Ireland heating up twice as fast as rest of the world

The Irish climate is heating up at almost twice as fast as the rest of the world, an official report launched today warned.

Ireland heating up twice as fast as rest of the world

The Irish climate is heating up at almost twice as fast as the rest of the world, an official report launched today warned.

Academics studying weather records over the past century have discovered significant differences between the island’s temperature patterns and overall global warming.

In a stark warning, the Environmental Protection Agency (EPA) insisted the impact can not be slowed down over the coming decades by international action.

Research carried out for the State body shows average temperatures in Ireland rising by around twice the Earth’s average over the past 50 years.

It is believed the seas around the island have been acting as a buffer which delays the arrival of global temperature patterns.

“So we’re catching up, we’re making up for lost time,” said the report’s co-author Dr John Sweeney, of Irish Climate Analysis and Research Units (ICARUS).

The study of meteorological records found a 0.7 degrees Celsius temperature rise overall along with more intense and frequent rainfall over the last century.

But while the rest of the world began to warm around the mid-1970s Ireland was still cooling down from the earlier part of last century until about 1981 or 1982.

“It’s really since that time that we’ve changed the corner as a country in terms of warming … and warming at roughly twice the rate of the global average,” Dr Sweeney said.

The National University of Ireland academic said the changes may not be so noticeable to most at the moment because it was happening mainly at night.

The evening temperature rise may be down to extra moisture in the air, which is forming clouds and trapping in after-dark heat.

“It’s not yet perceptible to everybody but once the day time maximum [temperature] in the summer begins to respond in the same way then we will really begin to accept climate change in Ireland big time, I’m afraid,” he said.

The climate change – expected to see 2.5 degrees Celsius higher temperatures in the summer, and slightly less than that in the winter by 2050 – will impact worst on the most populated parts of the island.

“It’s not so much the temperature which will be important for Ireland so much as the rainfall changes,” insisted Dr Sweeney.

“We’re an island that has become very dependant on an abundant supply of water.

“If that begins to pose a problem in the years ahead – especially in those parts of the country where we are putting large numbers of people, demanding large quantities of water – that’s where the crunch will probably come for Ireland, first of all.

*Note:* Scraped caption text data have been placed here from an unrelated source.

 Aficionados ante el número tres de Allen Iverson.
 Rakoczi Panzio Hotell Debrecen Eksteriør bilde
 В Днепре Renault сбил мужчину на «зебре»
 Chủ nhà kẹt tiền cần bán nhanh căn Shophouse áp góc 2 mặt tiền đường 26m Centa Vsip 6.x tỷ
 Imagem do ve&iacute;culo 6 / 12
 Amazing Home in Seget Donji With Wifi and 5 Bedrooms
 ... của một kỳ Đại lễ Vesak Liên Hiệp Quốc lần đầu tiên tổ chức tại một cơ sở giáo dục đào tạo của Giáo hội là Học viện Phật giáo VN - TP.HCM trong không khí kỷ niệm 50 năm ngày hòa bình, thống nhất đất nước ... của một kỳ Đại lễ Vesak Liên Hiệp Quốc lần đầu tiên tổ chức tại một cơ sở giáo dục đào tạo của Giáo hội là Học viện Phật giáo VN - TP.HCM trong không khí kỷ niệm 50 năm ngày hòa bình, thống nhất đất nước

“It will be in terms of the ability to meet municipal demand, meet agricultural demand for water in the dryer parts of the country, in the east and the south east.”

“We’re putting the people where we are getting the least water availability and also where climate change will further squeeze them in terms of less rainfall in the future.

Environment Minister John Gormley vowed to introduce several initiatives before the end of the year to reduce greenhouse gas emissions as well as other strategies to stem global warming.

Climate change was the main reason his Green Party entered the coalition government in May, he said.

“The scientific debate is over, the evidence is incontrovertible,” he added.